Extracted data entries
++++++++++++++++++++

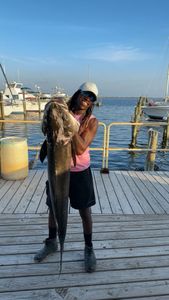 Angler with fishing rod, catching one fish in FL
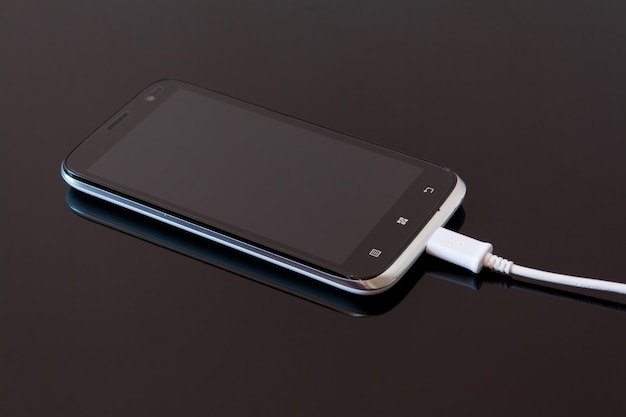 Hooghoekbeeld van een smartphone die is aangesloten op een oplader op een zwarte achtergrond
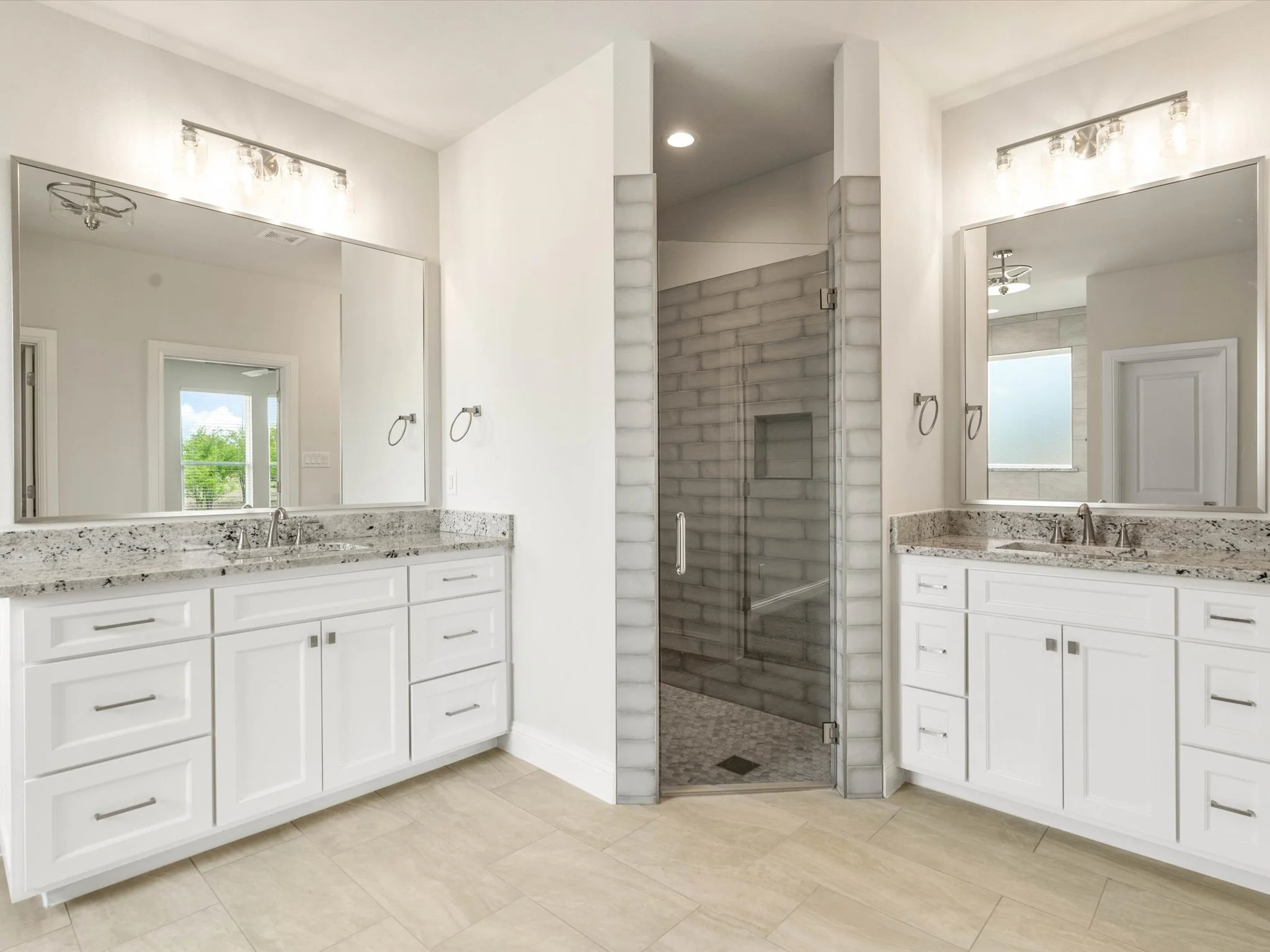 Modern bathroom with dual mirrors, granite countertops, and a walk-in shower with glass door and brick tile walls.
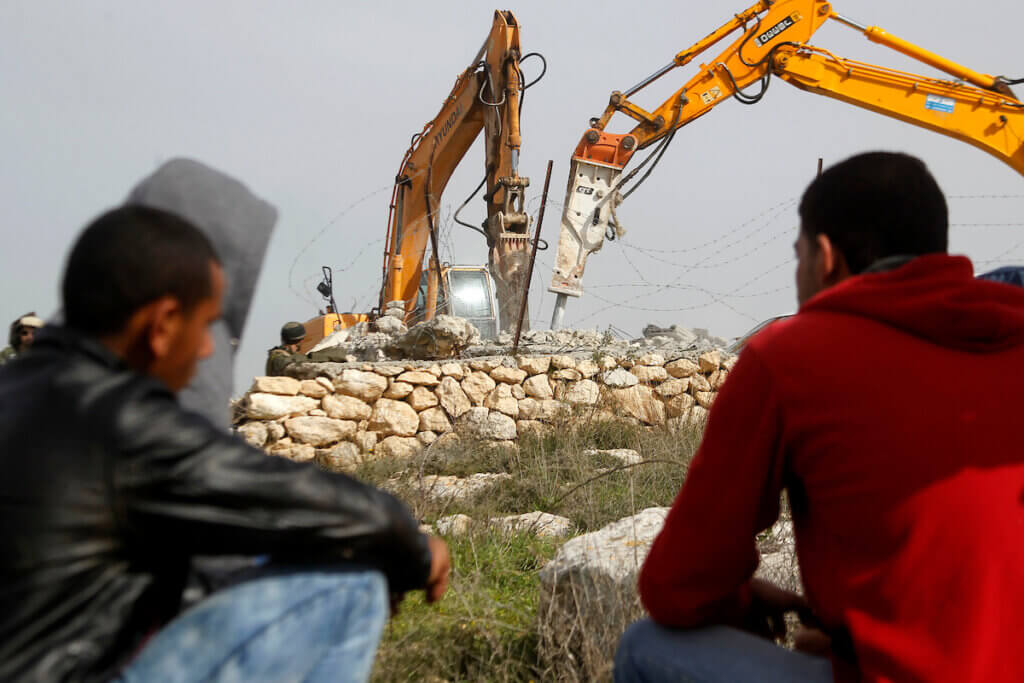 File Photo: Palestinian men watch the demolition of a Palestinian house at the order of the Israeli army in the West Bank village of Beit Ula, west of Hebron January 21, 2016. The owners of the house said they were informed by the Israeli army that the demolition was carried out because they did not have an Israeli-issued construction permit. (Photo: Wisam Hashlamoun/APA Images)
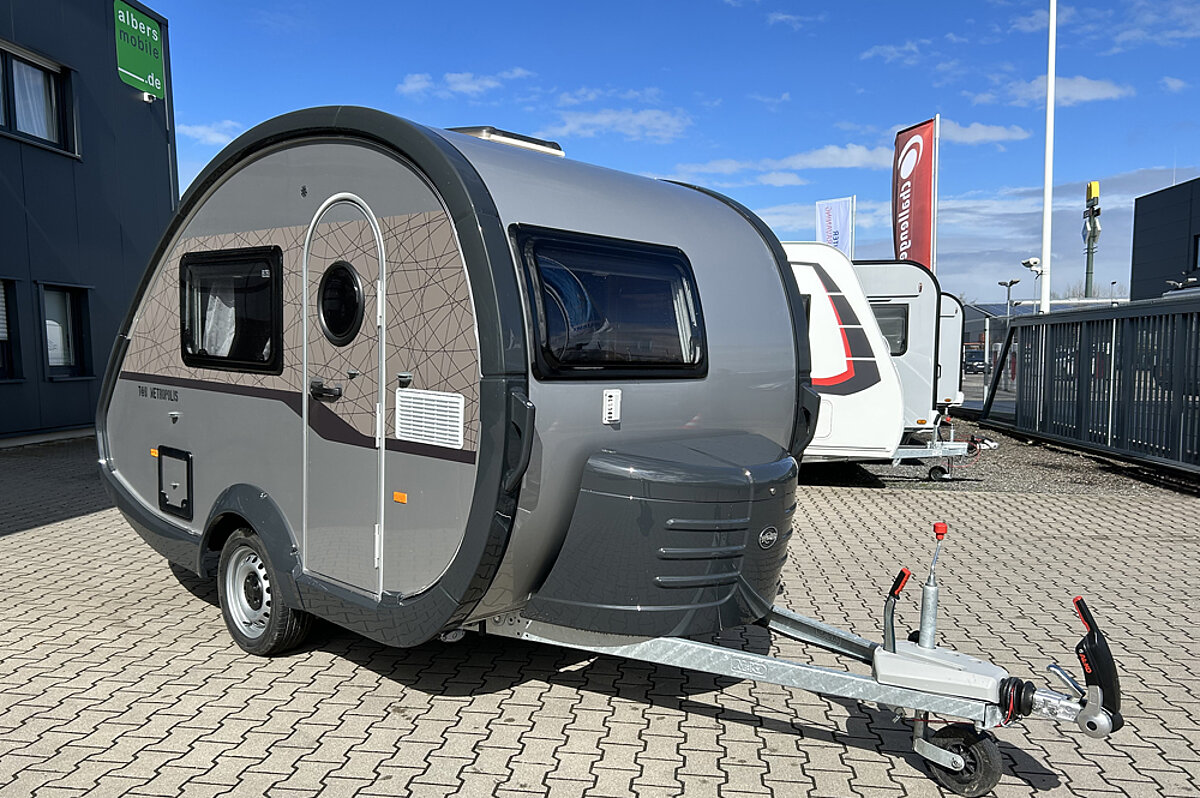 T@b-Wohnmobile sind nicht nur praktisch, sondern auch stilvoll und modern gestaltet. Grauer Wohnwagen mit dunklen Details und einer runden Form auf einem Parkplatz.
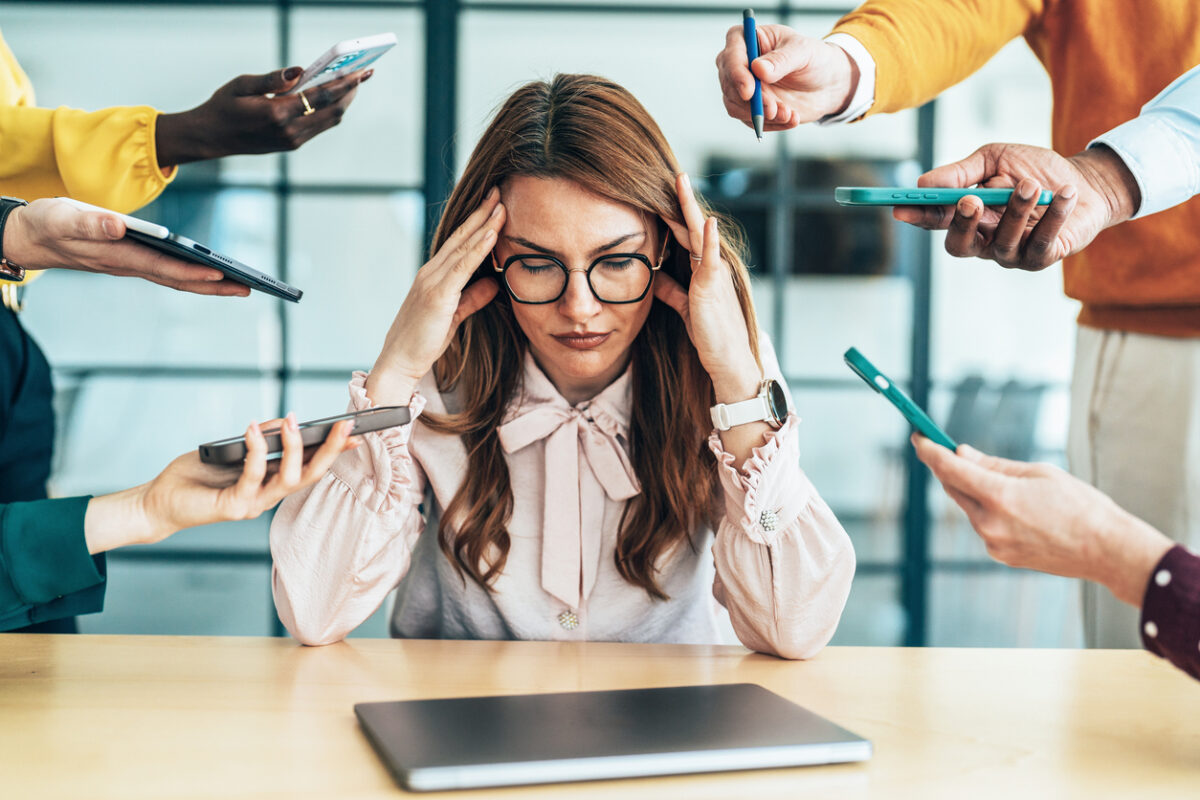 Stressed or overwhelmed woman in an office setting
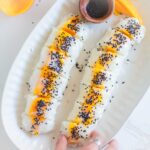 Mango sticky rice sushi made with spring roll wrappers topped with black sesame seeds.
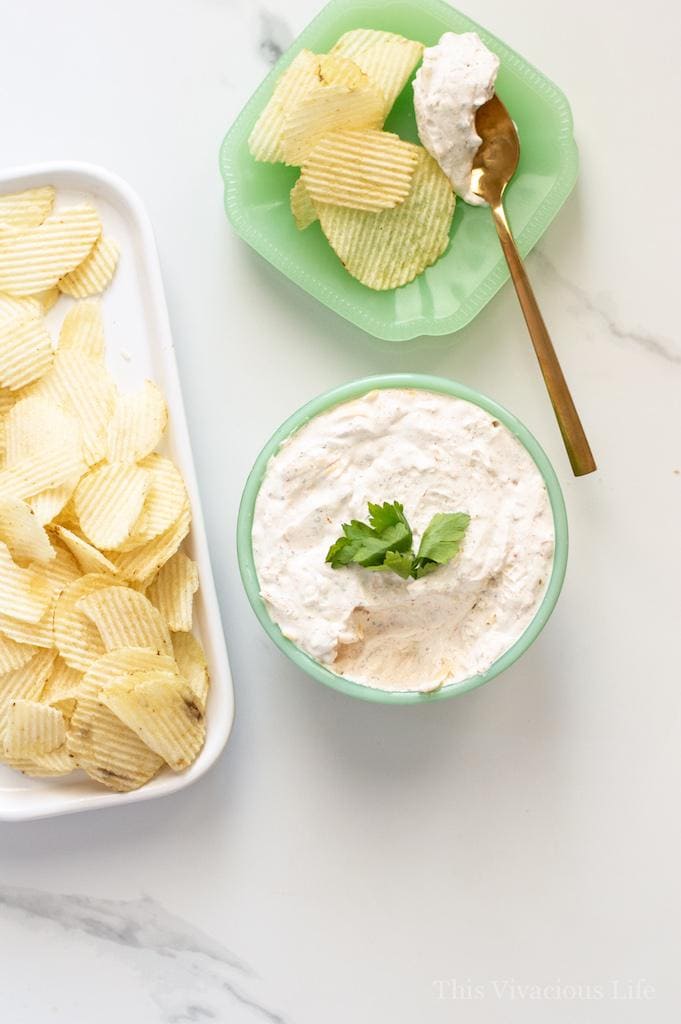 Sour cream chip dip in a bowl next to a bowl of chips. 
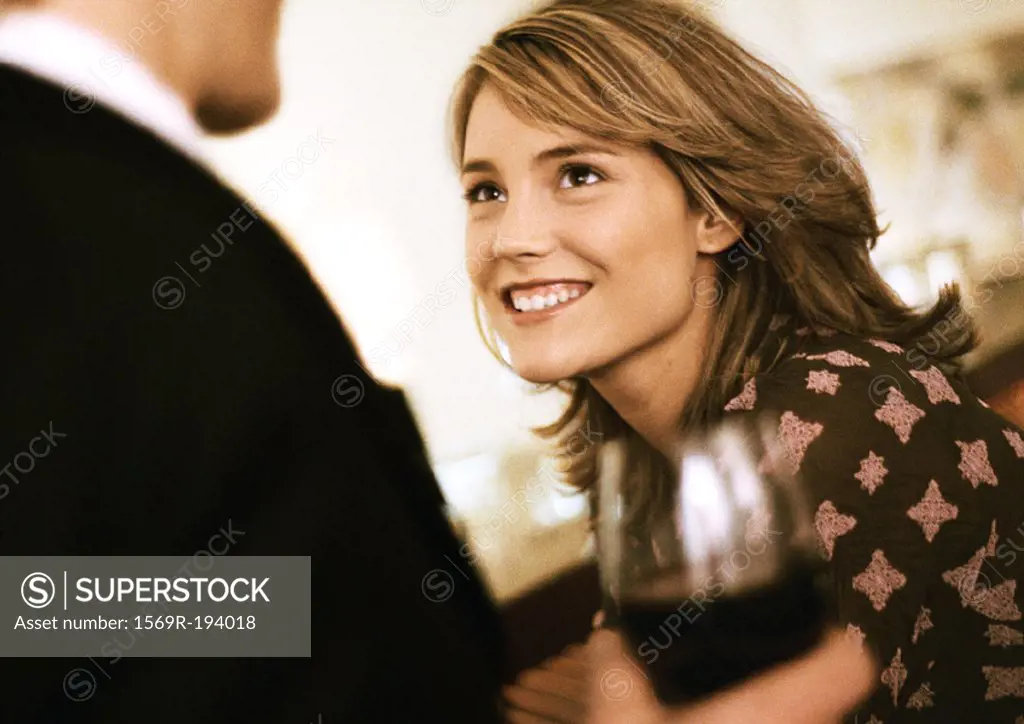 Young woman smiling at man with drink
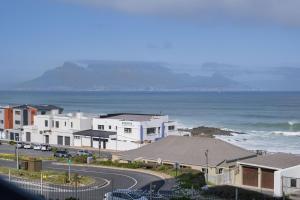a group of white houses next to the ocean at Blouberg Heights 207 in Bloubergstrand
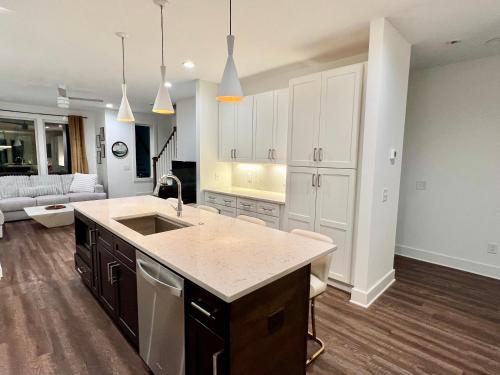 a kitchen with a sink and a living room at New Elevations Rooftop 5 Min to Downtown Nash in Nashville
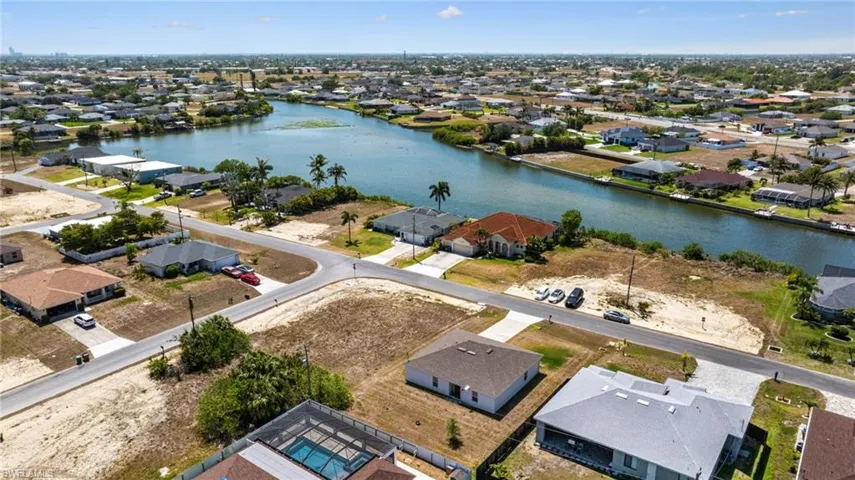 Bird's eye view featuring a water view and a residential view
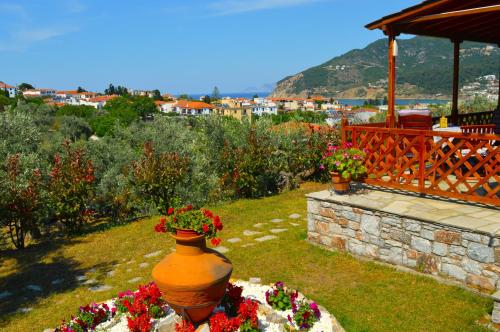 a vase filled with flowers in a yard with avisor at Remvi Apartments in Skopelos Town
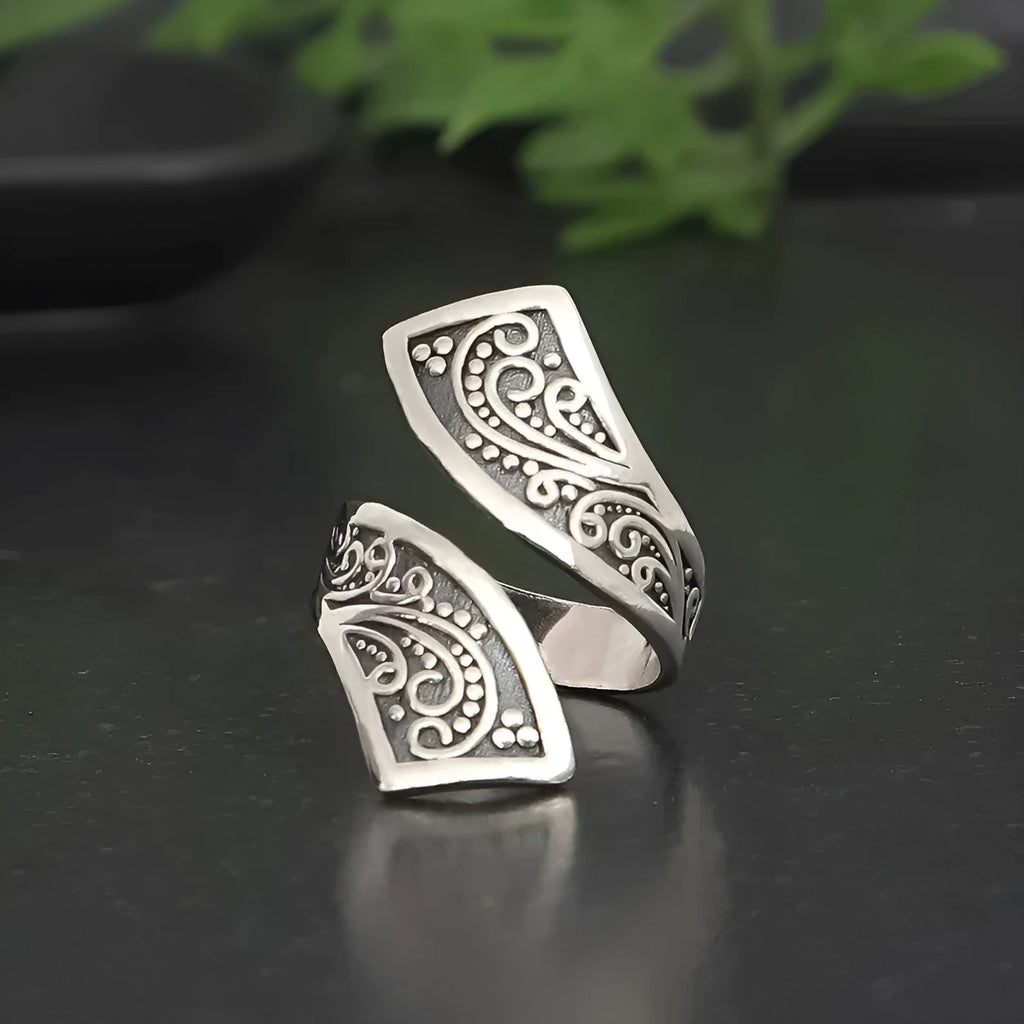 Silver-coloured adjustable opening women's ring with a retro minimalist style on a grey background.
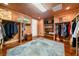 Spacious walk-in closet featuring custom shelving, ample storage, and a stylish blue area rug at 3821 Teesdale Ct, Atlanta, GA 30350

++++++++++++++++++++

- What you should do
Output the records exactly, and let none of their pictures appear in the copy.

- Result for this exercise
 Angler with fishing rod, catching one fish in FL
 Hooghoekbeeld van een smartphone die is aangesloten op een oplader op een zwarte achtergrond
 Modern bathroom with dual mirrors, granite countertops, and a walk-in shower with glass door and brick tile walls.
 File Photo: Palestinian men watch the demolition of a Palestinian house at the order of the Israeli army in the West Bank village of Beit Ula, west of Hebron January 21, 2016. The owners of the house said they were informed by the Israeli army that the demolition was carried out because they did not have an Israeli-issued construction permit. (Photo: Wisam Hashlamoun/APA Images)
 T@b-Wohnmobile sind nicht nur praktisch, sondern auch stilvoll und modern gestaltet. Grauer Wohnwagen mit dunklen Details und einer runden Form auf einem Parkplatz.
 Stressed or overwhelmed woman in an office setting
 Mango sticky rice sushi made with spring roll wrappers topped with black sesame seeds.
 Sour cream chip dip in a bowl next to a bowl of chips. 
 Young woman smiling at man with drink
a group of white houses next to the ocean at Blouberg Heights 207 in Bloubergstrand
 a kitchen with a sink and a living room at New Elevations Rooftop 5 Min to Downtown Nash in Nashville
 Bird's eye view featuring a water view and a residential view
 a vase filled with flowers in a yard with avisor at Remvi Apartments in Skopelos Town
 Silver-coloured adjustable opening women's ring with a retro minimalist style on a grey background.
 Spacious walk-in closet featuring custom shelving, ample storage, and a stylish blue area rug at 3821 Teesdale Ct, Atlanta, GA 30350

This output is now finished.